- _WORK REQUEST_:
The reply is to contain the full listing, repeated exactly, with pictures left out.

- _SOURCE DATA_:
****************

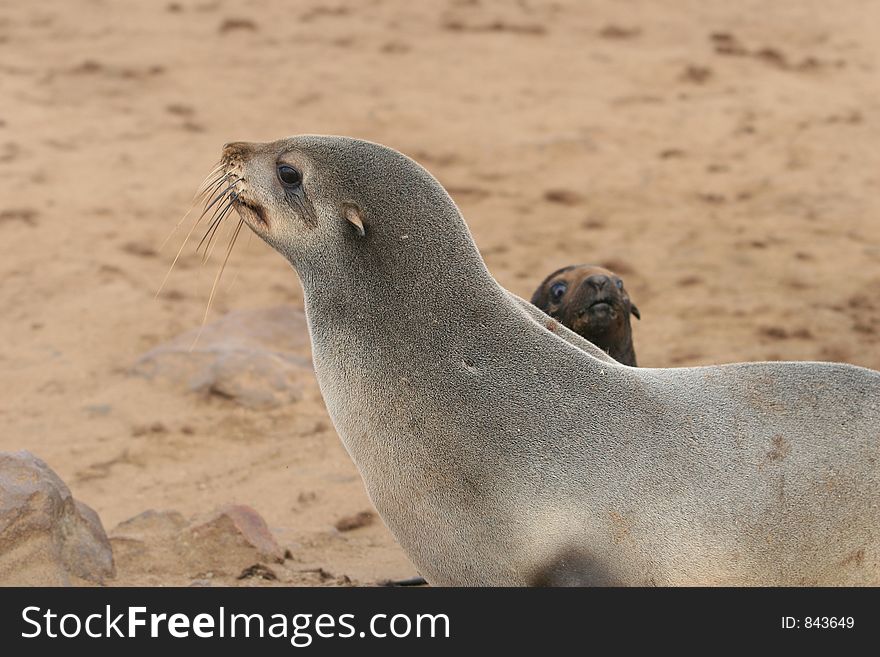 Adult and young seals. Skeleton coast, Namibia. Adult and young seals. Skeleton coast, Namibia.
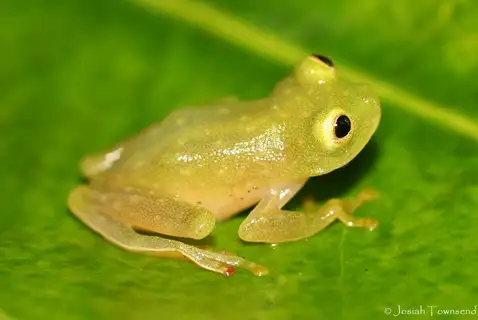 Fleischmann's Glass Frog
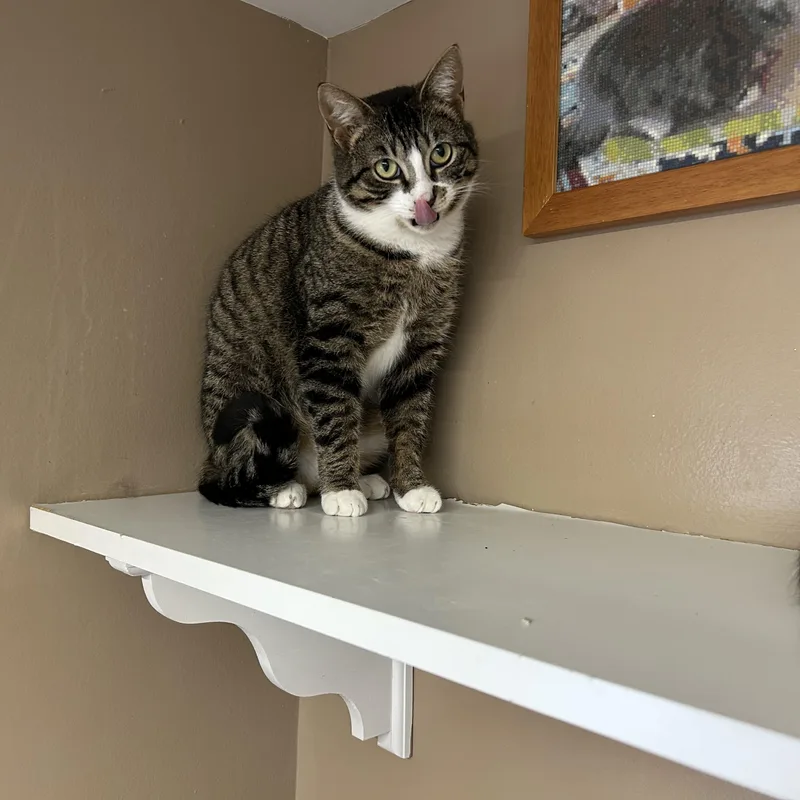 Chestnut thumbnail 2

****************

- _TASK ANSWER_:
 Adult and young seals. Skeleton coast, Namibia. Adult and young seals. Skeleton coast, Namibia.
 Fleischmann's Glass Frog
 Chestnut thumbnail 2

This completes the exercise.